Whoever wins, Trump’s paranoid worldview endures. When he claimed victory in his re-election race this morning it wasn’t clear who’d won but it was clear that his base remains solid despite the ravages of Covid; that his talk of socialism under Biden had delivered Florida to his column; and that the most consequential election so far this century could be decided by a Supreme Court in which he’s installed a conservative majority.
He will ask the court to suspend the counting of ballots sent in before election day by voters seeking to protect themselves from a virus that Trump used to say would miraculously disappear. As of today, it has killed 238,641 Americans.

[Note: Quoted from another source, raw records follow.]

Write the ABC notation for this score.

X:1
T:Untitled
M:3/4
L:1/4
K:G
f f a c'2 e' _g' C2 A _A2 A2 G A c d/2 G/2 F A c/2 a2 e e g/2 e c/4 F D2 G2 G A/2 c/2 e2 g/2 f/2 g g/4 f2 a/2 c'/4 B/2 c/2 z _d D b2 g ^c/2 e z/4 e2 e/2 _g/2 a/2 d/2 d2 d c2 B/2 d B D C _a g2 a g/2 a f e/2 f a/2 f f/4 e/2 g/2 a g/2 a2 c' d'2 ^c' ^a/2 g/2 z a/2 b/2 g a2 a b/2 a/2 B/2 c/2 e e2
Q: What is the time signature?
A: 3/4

The court may oblige. Last month it upheld a Pennsylvania Supreme Court decision to reject a Republican demand for a stay on vote-counting after election day – but only by a 4-4 vote. Since then Amy Coney Barrett has joined the panel.
State of the race. Wide open. Counting could go on until Friday or beyond in Pennsylvania and Michigan, where Trump is ahead with roughly three quarters of votes counted, but Team Biden believes it leads among the millions of postal votes as yet untallied. (There are 1.4 million in Pennsylvania alone, where Biden has won 78 per cent of those counted so far. Trump led by 700,000 votes by the end of the night.) Biden has flipped Arizona but not Texas. Georgia is tilting from red to pale blue as Black votes add up in Atlanta. The fallout from the police killing of George Floyd in May could prove decisive after all.
What happened last night?
- There was no blue wave, much less a Biden landslide. He needed Black and Hispanic votes en masse for that but exit polls suggest he won a smaller share of the Latino vote in Florida, Georgia and Ohio than Hillary Clinton did in 2016. Would a “pale” wave of white suburban voters compensate, tired of Trump and scared of Covid? In Ohio it turned out to be a ripple.

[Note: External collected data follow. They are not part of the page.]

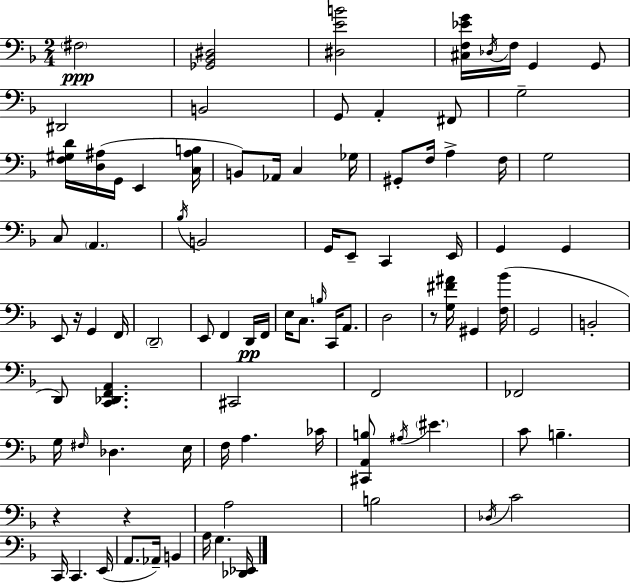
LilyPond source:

{
  \clef bass
  \numericTimeSignature
  \time 2/4
  \key f \major
  \repeat volta 2 { \parenthesize fis2\ppp | <ges, bes, dis>2 | <dis e' b'>2 | <cis f ees' g'>16 \acciaccatura { des16 } f16 g,4 g,8 | \break dis,2 | b,2 | g,8 a,4-. fis,8 | g2-- | \break <f gis d'>16 <d ais>16( g,16 e,4 | <c ais b>16 b,8) aes,16 c4 | ges16 gis,8-. f16 a4-> | f16 g2 | \break c8 \parenthesize a,4. | \acciaccatura { bes16 } b,2 | g,16 e,8-- c,4 | e,16 g,4 g,4 | \break e,8 r16 g,4 | f,16 \parenthesize d,2-- | e,8 f,4 | d,16\pp f,16 e16 c8. \grace { b16 } c,16 | \break a,8. d2 | r8 <g fis' ais'>16 gis,4 | <f bes'>16( g,2 | b,2-. | \break d,8) <c, des, f, a,>4. | cis,2 | f,2 | fes,2 | \break g16 \grace { fis16 } des4. | e16 f16 a4. | ces'16 <cis, a, b>8 \acciaccatura { ais16 } \parenthesize eis'4. | c'8 b4.-- | \break r4 | r4 a2 | b2 | \acciaccatura { des16 } c'2 | \break c,16 c,4. | e,16( a,8. | aes,16--) b,4 a16 g4. | <des, ees,>16 } \bar "|."
} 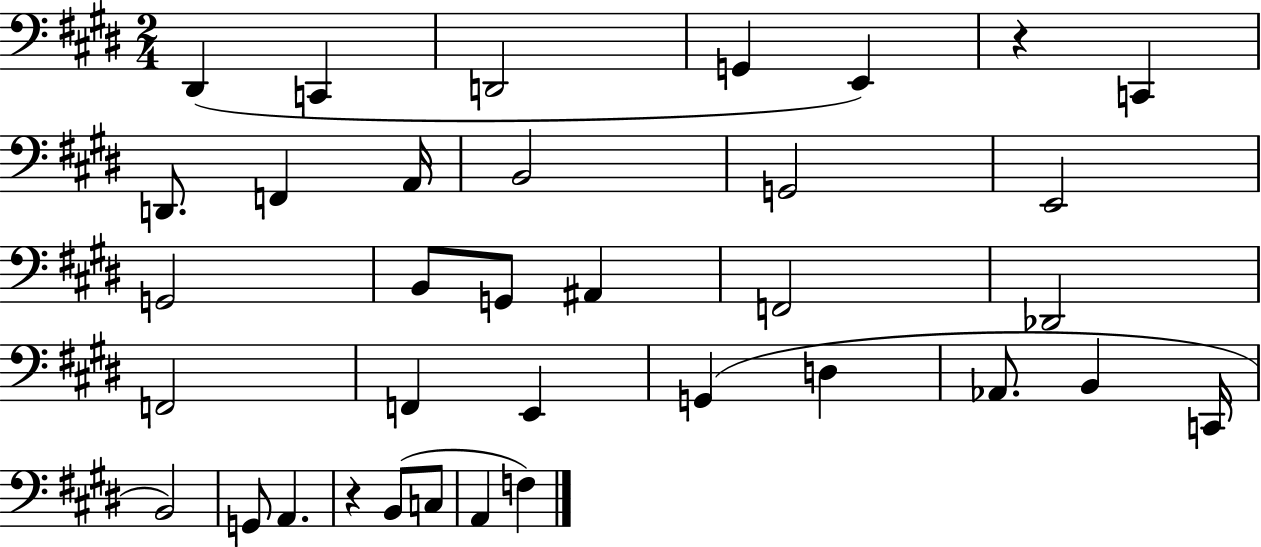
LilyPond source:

{
  \clef bass
  \numericTimeSignature
  \time 2/4
  \key e \major
  dis,4( c,4 | d,2 | g,4 e,4) | r4 c,4 | \break d,8. f,4 a,16 | b,2 | g,2 | e,2 | \break g,2 | b,8 g,8 ais,4 | f,2 | des,2 | \break f,2 | f,4 e,4 | g,4( d4 | aes,8. b,4 c,16 | \break b,2) | g,8 a,4. | r4 b,8( c8 | a,4 f4) | \break \bar "|."
} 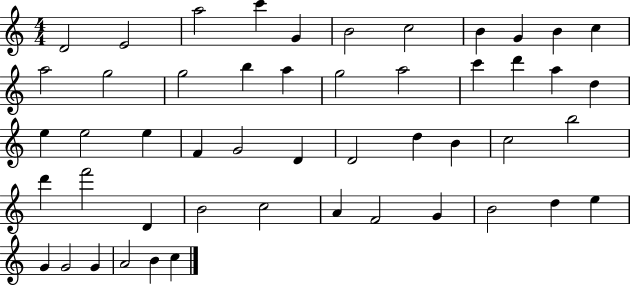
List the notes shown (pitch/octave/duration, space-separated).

D4/h E4/h A5/h C6/q G4/q B4/h C5/h B4/q G4/q B4/q C5/q A5/h G5/h G5/h B5/q A5/q G5/h A5/h C6/q D6/q A5/q D5/q E5/q E5/h E5/q F4/q G4/h D4/q D4/h D5/q B4/q C5/h B5/h D6/q F6/h D4/q B4/h C5/h A4/q F4/h G4/q B4/h D5/q E5/q G4/q G4/h G4/q A4/h B4/q C5/q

- Trump crushed Biden’s hopes of tying it all up early in Florida: in Miami-Dade county he squeezed Biden’s winning margin to roughly half Clinton’s four years ago. In the I-40 corridor between Orlando and St Petersburg he lost votes to worried retirees – but not many. In the rural panhandle he swept all before him.
- Florida was America in microcosm: Democrats broke records for early voting, the Republican ground war – waged continuously since 2016 – delivered a surge on the day, and the electorate went to bed more stressed and polarised than ever.
- To judge by exit polls in Georgia, Virginia and elsewhere, Covid’s impact on the economy was as powerful an influence on voters’ thinking as its impact on their health.
- Biden could win by grinding it out in two of the three rust belt states of Michigan, Pennsylvania and Wisconsin, but to do so his lawyers will have to beat back Trump’s as they seek to halt the count in the first two on the basis of claims of fraudulent postal voting for which there is no evidence.
- Trump could win if votes as yet uncounted in those three states fall mainly into his column rather than Biden’s.
- The US will agonise over the politicisation of its Supreme Court, already centre stage in a constitutional crisis triggered by a 2am speech in which Trump denounced a “fraud on the American people” and said wearily: “As far as I’m concerned, we’ve already won.”
- The Republican Party will have to accept the new reality: Trumpism was no passing fad. It’s here to stay, and the never-Trumpers who hoped to claim the party back may have to find a new political home elsewhere.